Moe Pope & Rain
Let the Right Ones in
À en croire les dédicaces de Moe Pope dans le livret, cet album a bien failli ne pas voir le jour. Le rappeur appuie tellement ses remerciements à son compère depuis Life After God (2010), le producteur Rain, pour sa patience, qu’on comprend qu’il a dû lui prendre la tête à hautes doses. Ce dernier a tenu bon (le troisième homme sur la pochette, Chris Talken, est semble-t-il celui qui les a empêchés de s’entre-tuer) et c’est tant mieux, car on aurait raté quelque chose. Bien des tentatives d’abaisser les barrières entre hip-hop, électro et rock indé donnent envie de fuir en courant ; mais là, on en redemande, alors même que le projet de départ — faire un album totalement dépourvu de sampling — pouvait laisser insensible a priori.

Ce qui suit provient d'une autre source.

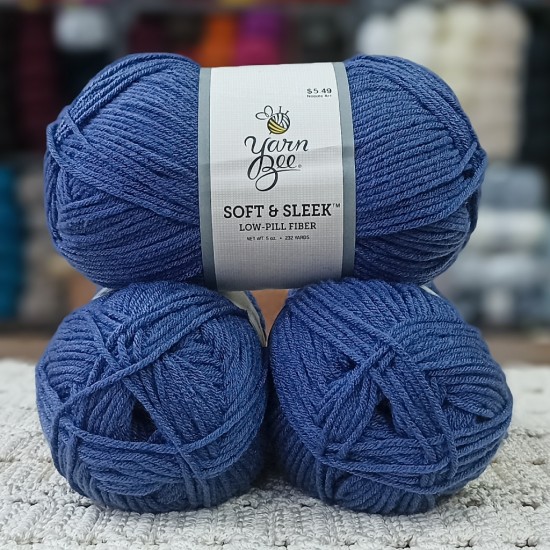 Yarn Bee Soft & Sleek 420-440 GR İhraç Fazİası El Örgü İpi - Denim 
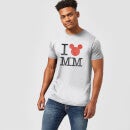 Camiseta Disney Mickey Mouse I Love MM - Hombre - Gris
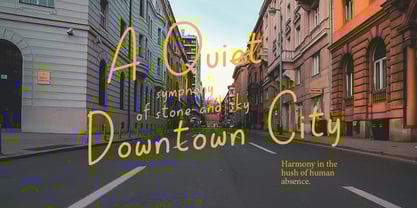 Blue Hands Font Poster 3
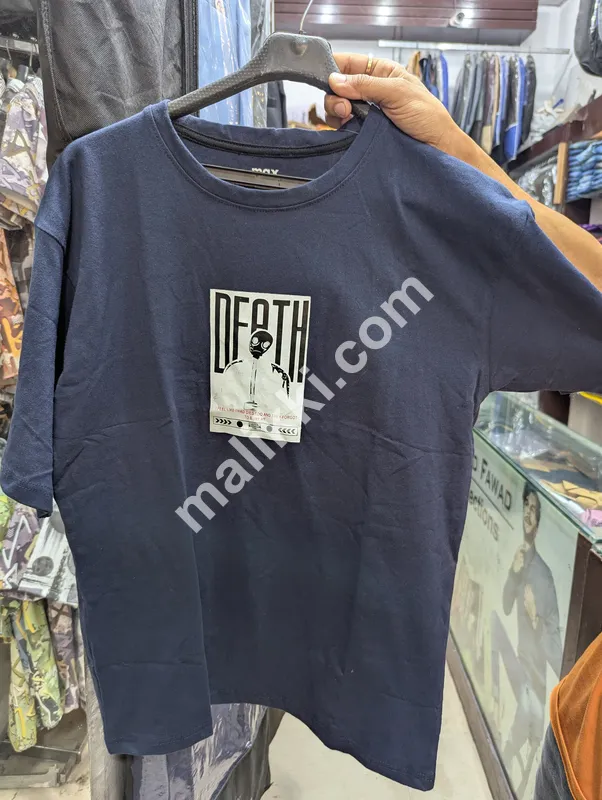 Drop Shoulder T Shirt -0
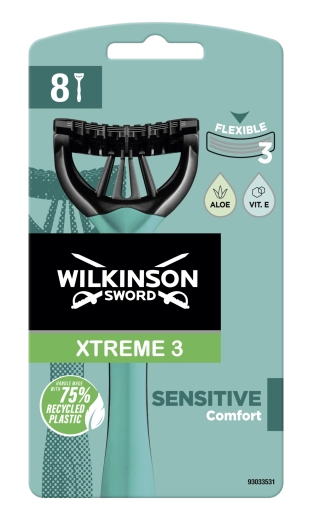 Wilkinson Sword Xtreme 3 Sensitive engangsskrabere 8 stk
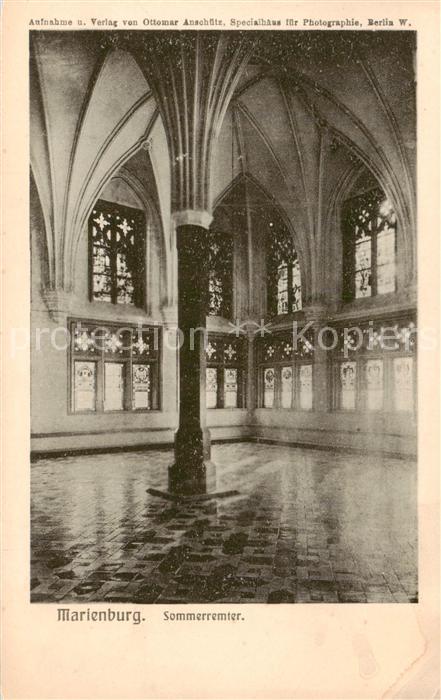 Marienburg  Westpreussen Malbork PL Sommerremter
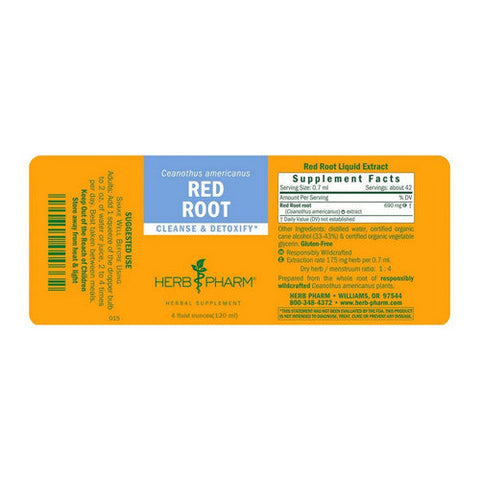 Herb Pharm, Red Root, 4 oz Herb Pharm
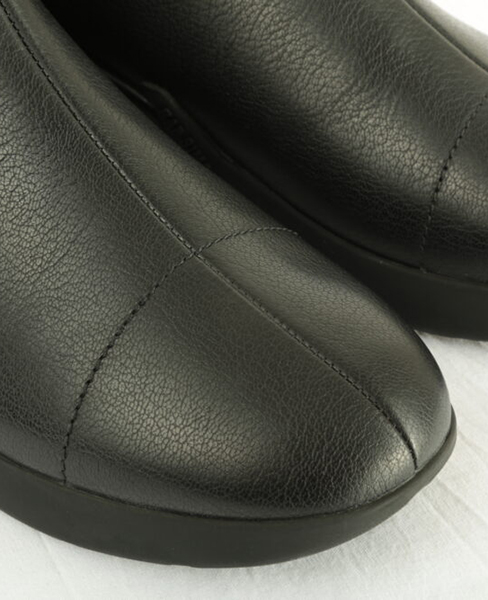 Raf Simons (Runner) Black Cylon Leather Ankle Boots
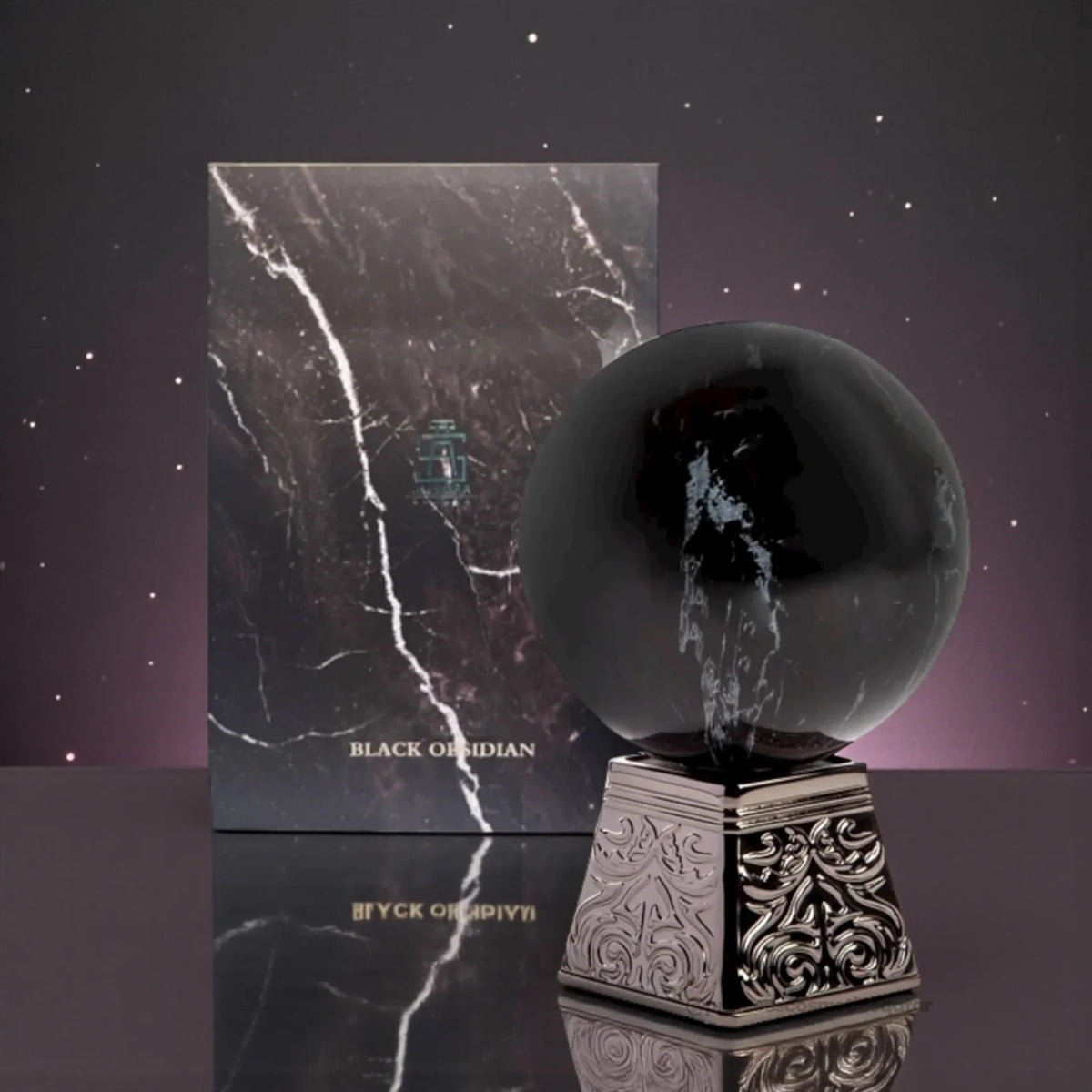 AURORA SCENTS BLACK OBSIDIAN 100ML-Bergamotto e Elemi; Osmanto, Pepe Rosa e Gelsomino Sambac;Patchouli, Elvetolide e Muschio Vegetale.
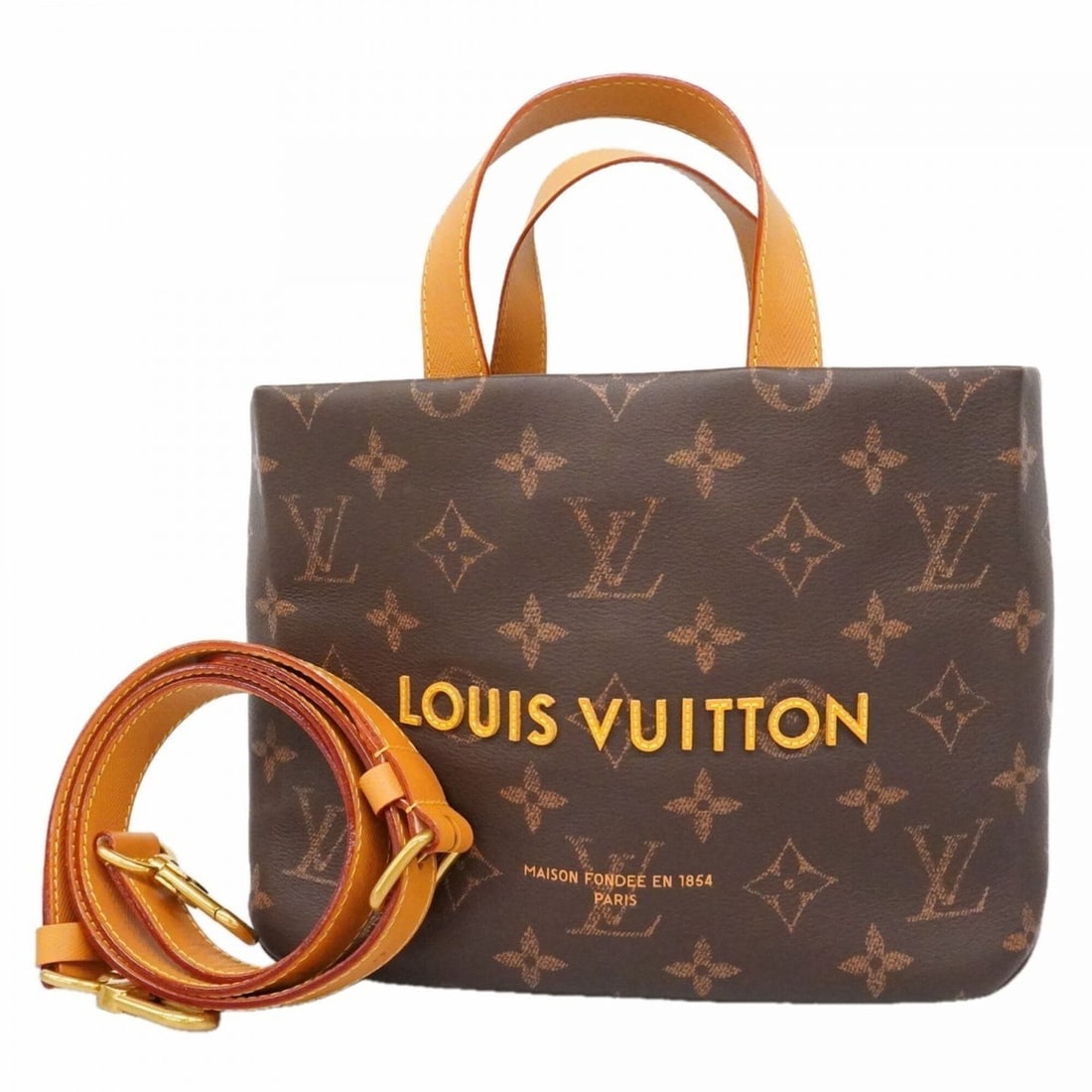 Louis Vuitton Monogram Shopper Tote MINI M27019 Brown 2-way bag for women: --- Catalog ---Category: SizeSize (HxWxD): 20cm x 26cm x 11cm / 7.87'' x 10.23'' x 4.33''Category: DesignType: HandbagColor: BrownGender: WomenCategory: GeneralMPN: M27019Brand: Louis Vuitton--- Item 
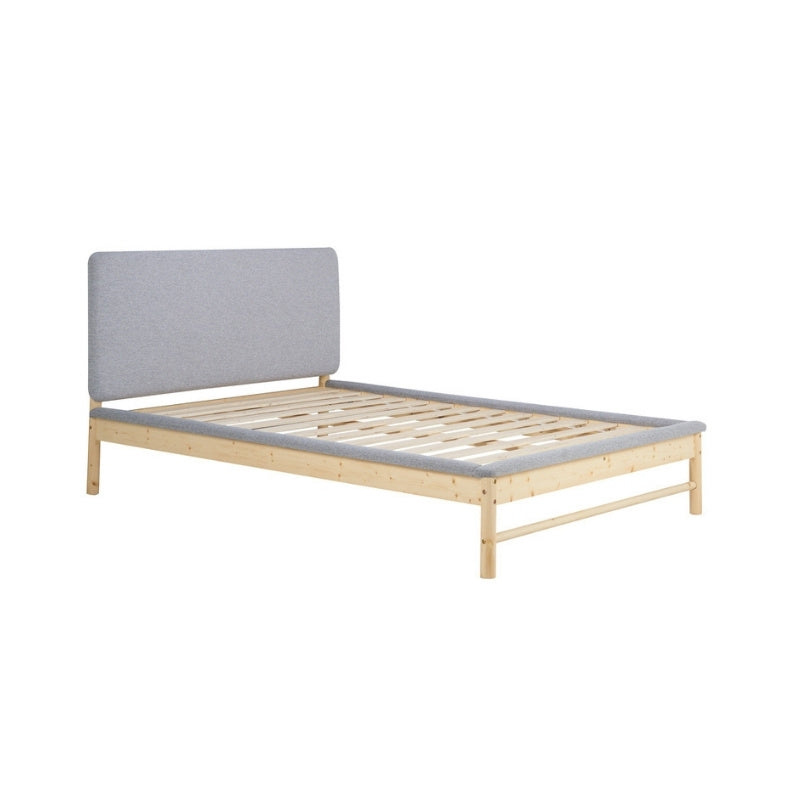Birlea Ezra King Bed Grey & Oak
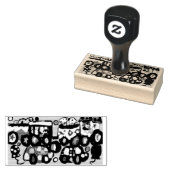 Fun bij het circus 	rubberstempel (Gestempeld)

C’est que tout ça est très habilement exécuté et que, malgré un grand nombre de morceaux (l’album dure en fait moins d’une heure) et une liste d’invité(e)s aussi longue qu’éclectique (allant de Blacastan, qu’on peut écouter en parallèle sur le Killmatic des Demigodz, à la musicienne et chanteuse Julia Easterlin), Let the Right Ones in est prenant de bout en bout. Le disque captive dès les premières notes hypnotiques de « Gotham », après quoi les titres s’enchaînent sans temps mort ni moments de faiblesse. Même quand il pourrait frôler la fausse note (l’accompagnement chanté un peu épais sur « Lately/Goodbye », histoire de pinailler), on se laisse prendre.
Cette réussite doit beaucoup à des sonorités électroniques denses et enveloppantes, jouant volontiers sur la panoramique. L’alliance entre synthétiseurs et instruments classiques (guitare et batterie sur plusieurs morceaux, quelques touches de cuivres aussi) fonctionne à plein, en trouvant l’équilibre entre boucles et compositions. La force de l’album est de parvenir à une vraie unité malgré les changements de ton, et ce même quand Rain laisse la place à d’autres producteurs. On retient surtout l’excellente contribution de Headnodic (en compagnie duquel Moe Pope avait livré le très bon Megaphone en 2008) sur « Breathe/Bleed », avec son atmosphère changeante en cours de morceau, avec Rain qui, une fois n’est pas coutume, rappe un couplet. Si le groupe se joue des frontières entre genres (l’image de la pochette est d’ailleurs bien faite pour brouiller les pistes), l’ancrage hip-hop reste net ; le MC bostonien glisse d’ailleurs pas mal de dédicaces plus ou moins explicites à des figures ou des gimmicks du hip-hop. On profite aussi de scratches rares mais astucieusement placés, comme sur « Loud Enough ».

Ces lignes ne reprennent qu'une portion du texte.